I am in this position right now. I am separated and live with my "husband" and I will tell you what my reason is. FINANCES. That is the only reason.

I have moved on from him emotionally, physically, etc. I have a boyfriend of 6 months and my ex knows about him. My ex and I have an amicable arrangement as we have a child together as well.

I do not call this "living together". I call it an arrangement. It is easy to say that it is because both parties still care about each other.

As someone in this situation right now, I can tell you it has nothing to do with caring about the other person.

I have been out of work. We lost all our savings. We have a ton of debt. We have lots of bills to pay. We have nobody who can help us. We are in a financial mess. I need his support right now unfortunately and cannot afford to go anywhere, period. He does not make a ton of money so he could not pay me a whole lot of support either. He is supporting me til I move out for good this spring. Why? I guess he is a nice guy? I cannot speak for him.

But for me, I can tell you there is more involved than feelings.

All of you who have posted are not in my shoes. So you can guess feelings. That is a logical assumption.
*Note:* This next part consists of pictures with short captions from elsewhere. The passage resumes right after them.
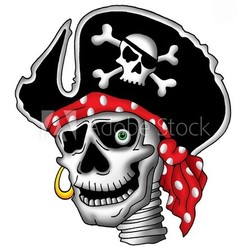 Pirate skull in hat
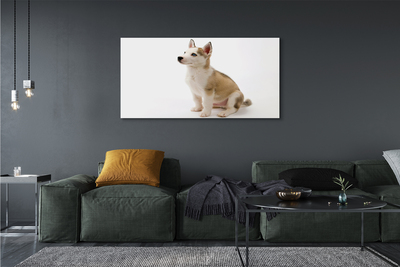 Fototryck canvas Sitter liten hund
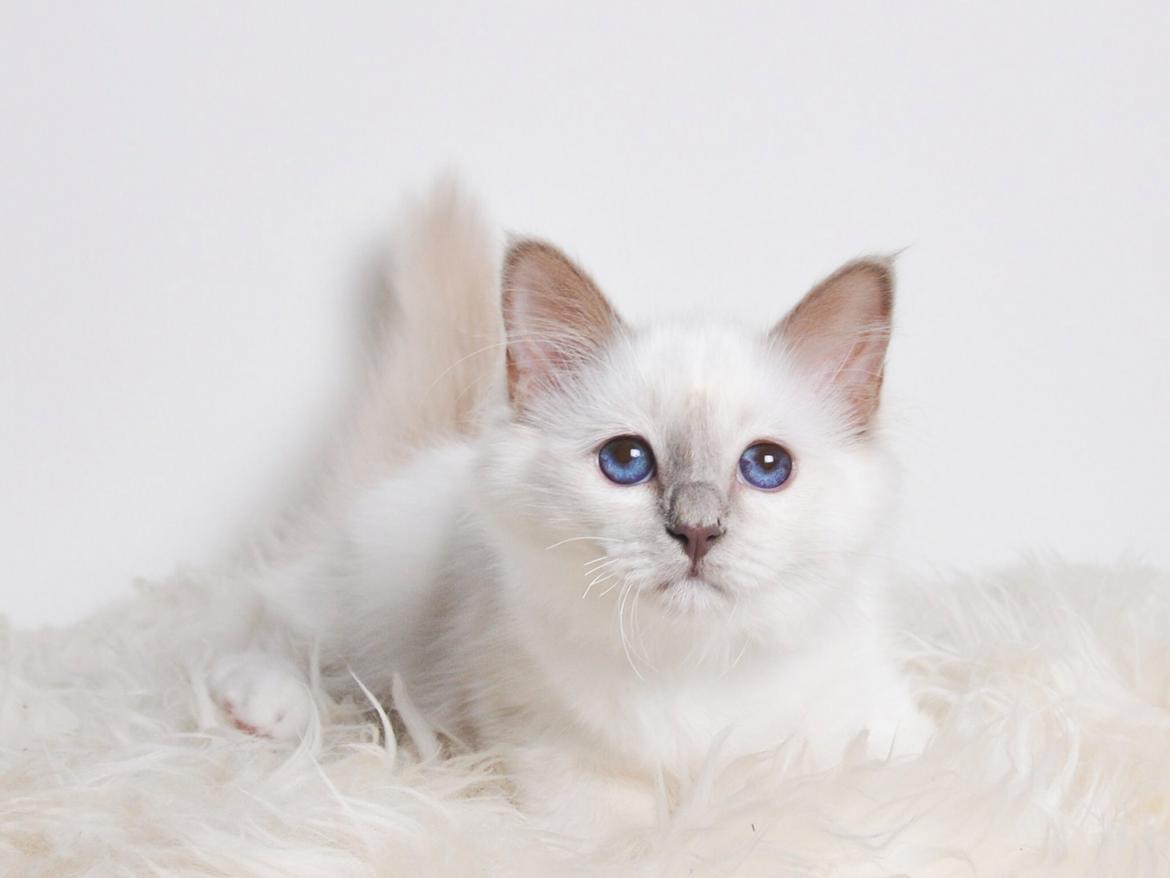 Hellig Birma Shonto's A Cloud of Mystery billede 12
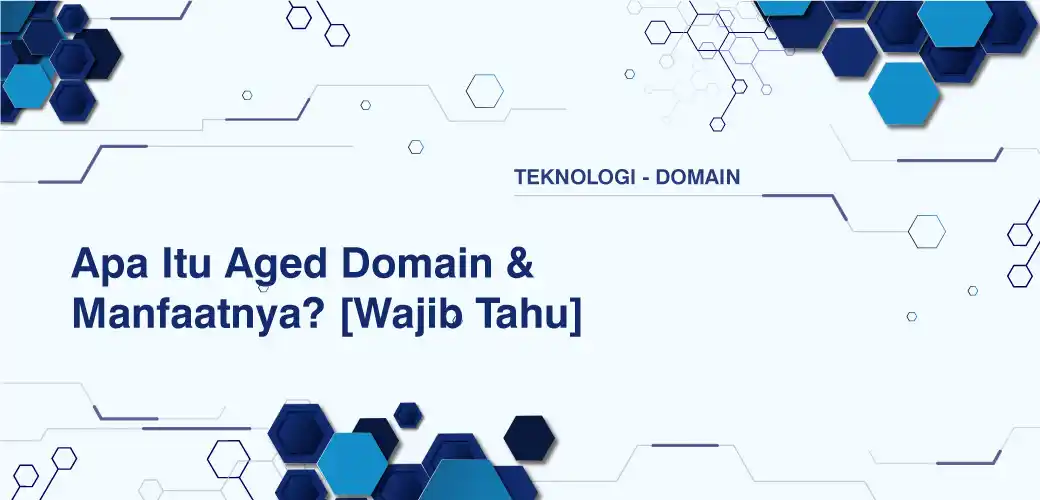 Apa Itu Aged Domain & Manfaatnya? [Wajib Tahu]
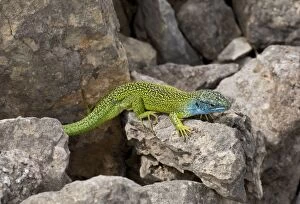 Bilineata Gallery: Western Green Lizard male on limestone Cevennes, France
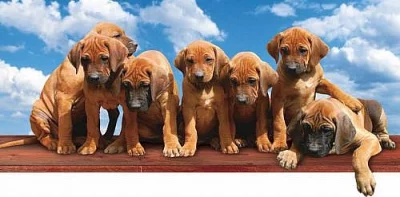 Rhodéský ridgeback - štěňata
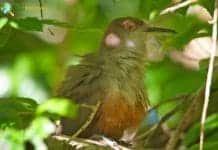 Puerto Rican Lizard Cuckoo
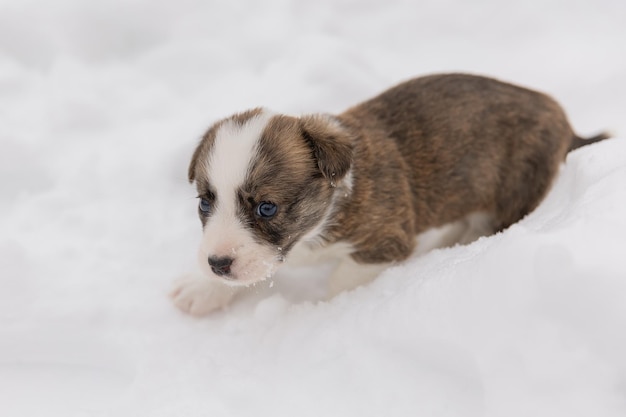 Welsh Corgi Cardigan süßer flauschiger Hundewelpe Nahaufnahmeporträt des lustigen Tieres des Welpen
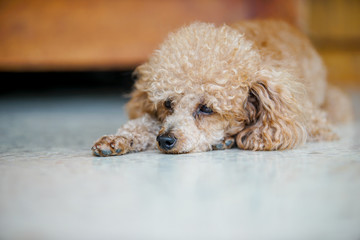 poodle dog lay on the marble floor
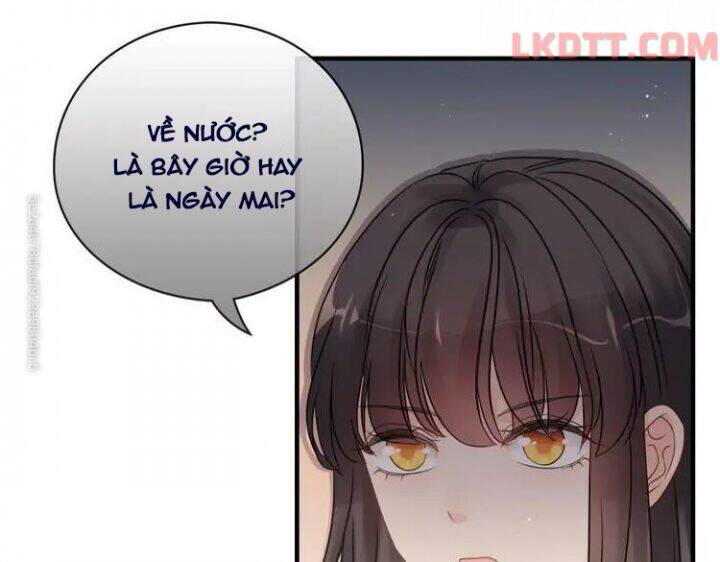 Cô Vợ Hợp Đồng Bỏ Trốn Của Tổng Giám Đốc Chap 333 - Next Chap 334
But not always true. And not true for me. I have feelings for my boyfriend.

And my "husband" knows it. He has also chatted with females on dating sites and has gone out on a date or two. But he realizes he will need to hold off on dating til our separation/divorce is final. He knows it would not be fair to involve another person in a situation which has not been fully resolved.

Me, on the other hand, I did not expect to find love so soon. Just snuck up on me in the other man. I disconnected from my "husband" many years ago and had been living a lie just to please everybody else. And I opened myself to the other guy, who makes me very happy.

Situations are not always cut and dry. They are complicated.

Yes, it is best to wait for him to be free. You would be putting your heart at risk if you did not because you never know for sure. And especially stay away because his wife lives in the same house. He may not have feelings for her anymore (or he may, not realize it or deny it) but it is still too complicated for your to enter the picture. Best to start out with a clean slate. Because if you put yourself in the middle now, chances are it will not turn out well in the long run.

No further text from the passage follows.